I was rejected for a role because I had experience with C++98, but they were developing exclusively in C++11. 🙄

scrubbles, (edited )
@scrubbles@poptalk.scrubbles.tech avatar

Wow, too bad the Venn diagrams for those two are two completely separate unconnecting circles. I swear recruiters, just so freaking dumb

SpaceNoodle, (edited )

It wasn’t the recruiter, it was the HM that made the decision. Dodged that bullet. The recruiter was great, we actually hung out some time after. He even bought me one of the devices I would have been working on and gave it to me after the interview, possibly as an attempt to butter me up, because he was excited about landing me.

scrubbles,
@scrubbles@poptalk.scrubbles.tech avatar

that’s fair, mine was a recruiter so I just assumed. Always frustrating that our careers hang in the balance of people who don’t understand what we do

SpaceNoodle,

My current employer is run by highly technical people, and I know for a fact that the CTO is smarter than I am. It’s refreshing.

aaaa,

I couldn’t imagine tying myself to a single category for my whole career.

I’ve done front end, back end, database, web, Windows, and Linux development. If the job calls for learning something new, I’m on it. These days I’m making datacenter software for admins to use to manage their distributed applications. Before this, I was doing the same thing for factory automation at the edge.

Specializing has its value, but the more flexible you can be, the more useful you will be when the landscape changes and your boss suddenly asks you to set up an AI system or something.

urist,
@urist@lemmy.blahaj.zone avatar

I’m an hourly customer service worker going to college part time as a statistician, so mostly I’d just be concerned at what sort of operation this person is running but accept the promotion.

Unmapped,

As a new dev who is still working on a “full-stack web dev” course. I would definitely take it as a compliment.

neidu2,

Not an insult, just… highly inaccurate. I can do everything from hardware, via databases, to coding against said databases. But for your sake, I hope you’re not looking for UX/UI beyond (ab)using STDIO.
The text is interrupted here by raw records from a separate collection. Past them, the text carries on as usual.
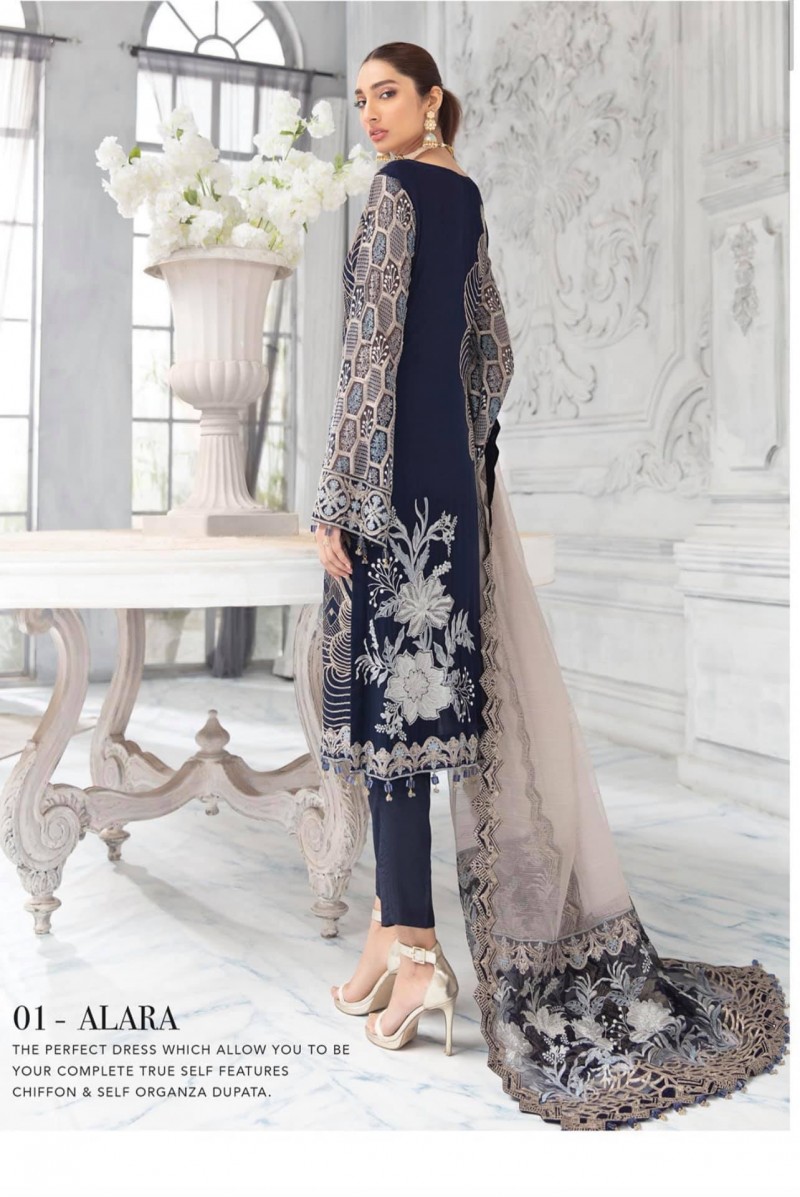 Azalea chiffon collection Dupatta chiffon & organza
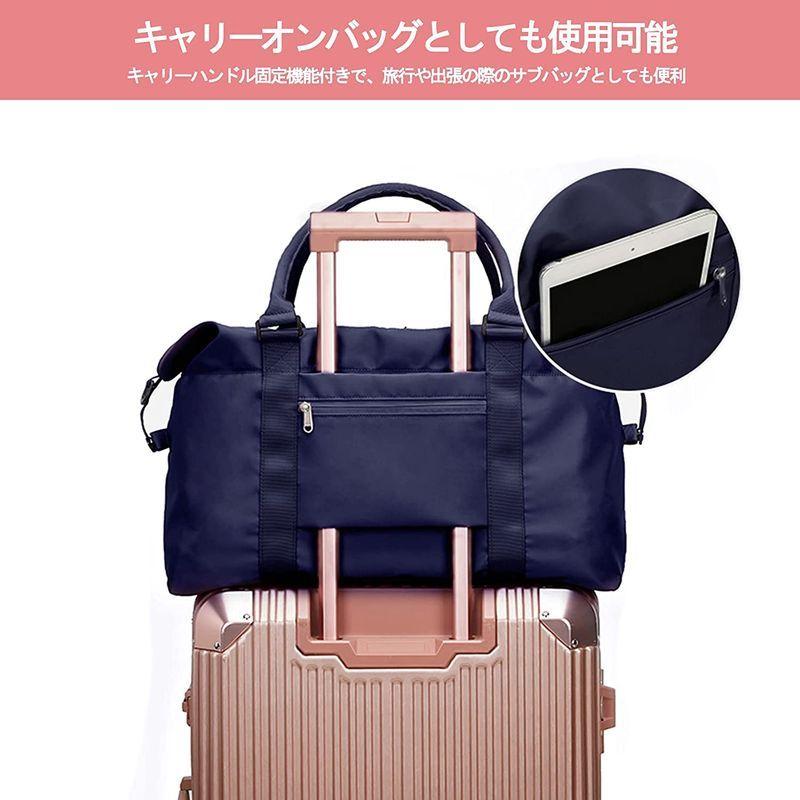 本日特価 バッグ Lanbxトラベルバッグ ボストンバッグ 防水 3way 大容量 キャリーバッグ トートバッグ 男女兼用 旅行 出張 ブルー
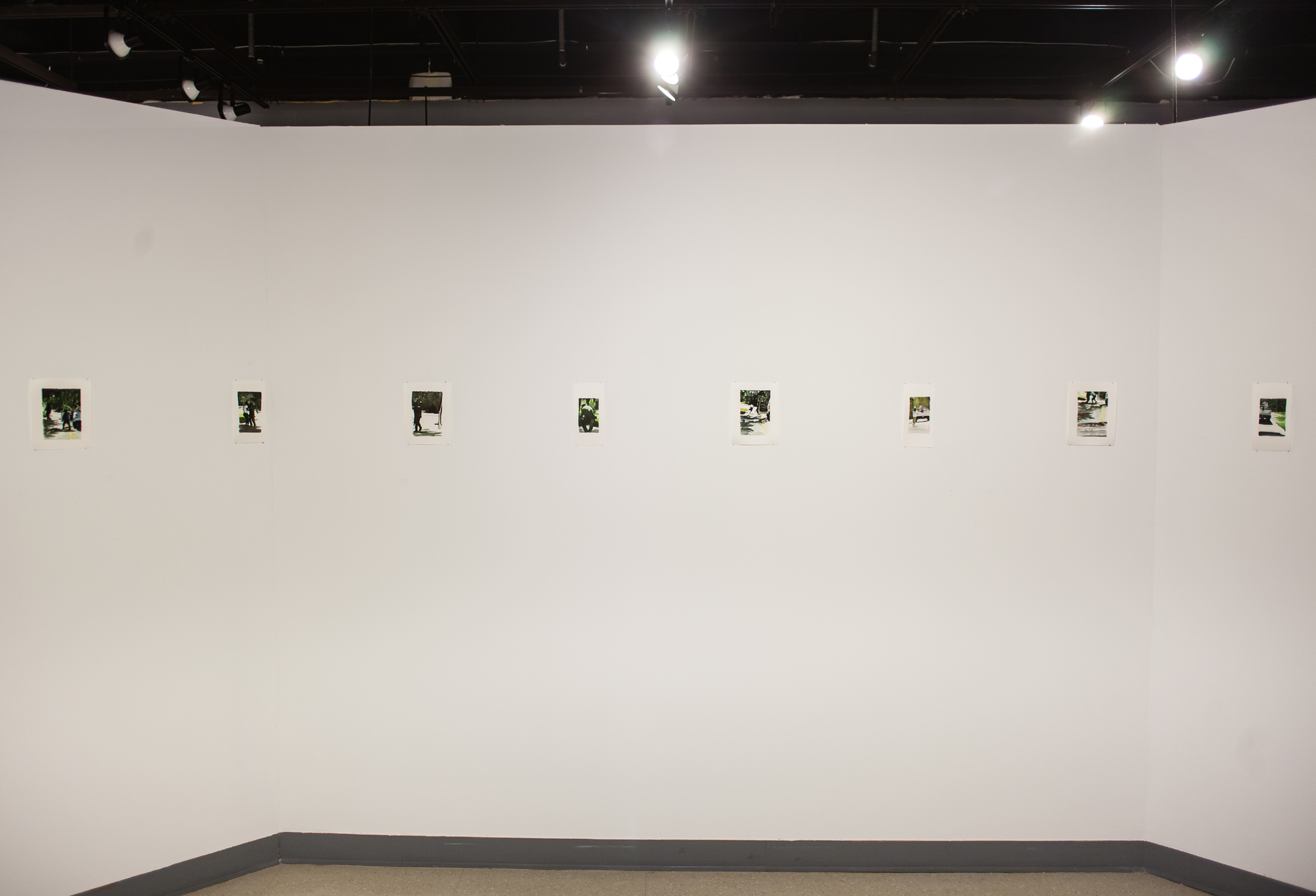 Ahmaud Arbery (1 of 45) installation view, 2020, watercolor on paper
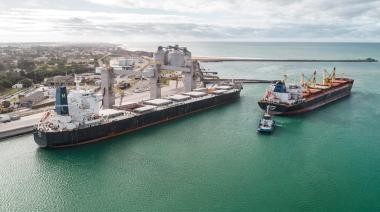Puerto Quequén superó todas las marcas: año récord en carga y movimiento de buques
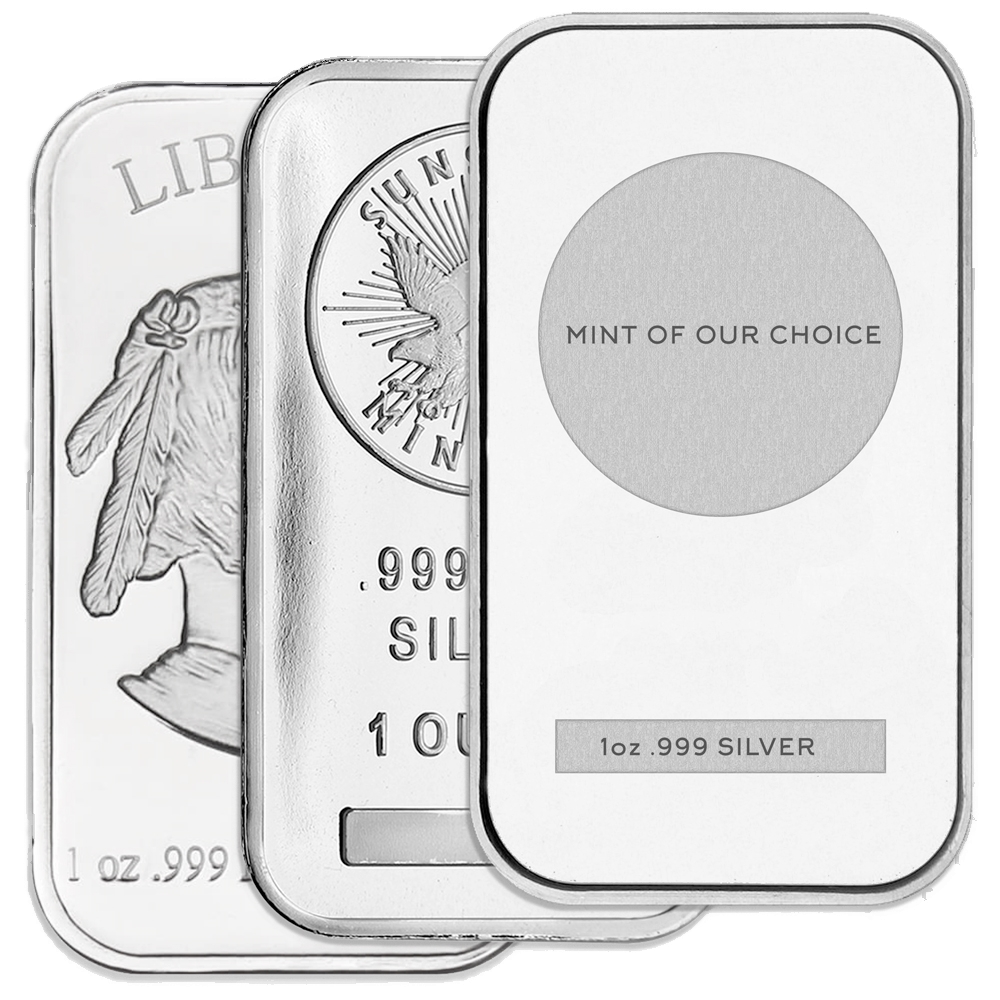 1 oz Silver Bar - Various Mints and Condition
EDIT: What I cannot do is spelling, it seems.

halloween_spookster,

It depends on the context, who is saying it and why. If my manager is trying to say that after I’ve made it clear that I’m not interested in frontend development then it’s insulting. Mostly because my manager isn’t listening to me.

tsonfeir,
@tsonfeir@lemm.ee avatar

I’m more insulted when people call themselves “full stack” but can’t restart Apache on their own.

Norgur,

Perhaps their "stack" only ever uses caddy

HopFlop,

Perhaps their stack is on Windows 2005 Server

Norgur,

Perhaps what they developed is a bunch of Windows 2005 Servers stacked on top of each other

solidgrue,
@solidgrue@lemmy.world avatar

I understand most of the stack from photons to UX. I run optical, packet hardware and I define software. I consult on security and I inform the service desks. I’m that “break glass” guy you don’t want to call in the middle if the night because I might be sarcastic, and then I’ll cancel meetings for the next two days in revenge.
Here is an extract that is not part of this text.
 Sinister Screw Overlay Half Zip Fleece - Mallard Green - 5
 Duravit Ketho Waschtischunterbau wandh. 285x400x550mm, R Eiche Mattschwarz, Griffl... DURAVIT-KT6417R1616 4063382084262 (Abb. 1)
I’ve also been in this swamp since before the sky learned how to rain.

Call me whatever you want, but you’d best smile when you say it or I’ll delete your account and blackhole your network.

/clickety-click

solidgrue,
@solidgrue@lemmy.world avatar

☝️ Just flexing.

“Full stack” is meant to be complimentary but is also highly situational, in the same way credentialed engineers and credentialed architects bristle when those.terms are used in the tech sector. They Did the Program, and Showed the Work. Those.of us in the tech sector are doing some stolen valor.by adopting those titles in our roles.
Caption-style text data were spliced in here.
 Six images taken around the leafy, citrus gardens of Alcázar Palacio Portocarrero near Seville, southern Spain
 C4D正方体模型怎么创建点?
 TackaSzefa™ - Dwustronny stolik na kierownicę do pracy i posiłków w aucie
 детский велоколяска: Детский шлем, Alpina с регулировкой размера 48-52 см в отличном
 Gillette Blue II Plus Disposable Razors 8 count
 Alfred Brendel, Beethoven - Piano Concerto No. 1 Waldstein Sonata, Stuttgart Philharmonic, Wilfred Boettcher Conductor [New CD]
“Full stack” is situational because no two shops use the same stack. Every shop has its own technology preferences, so if you know Apache and ServiceNow, you’ll still be useless in a shop that uses Xendesk and Nginx. It just.means you know YOUR venue’s technology organization.

Really it’s an industry buzz term, and you should run from any recruiters who casually use it but can’t also describe exactly WHAT stack that shop they’re pimping is using.

walter_wiggles,

If the salary is right, you can call me whatever you want.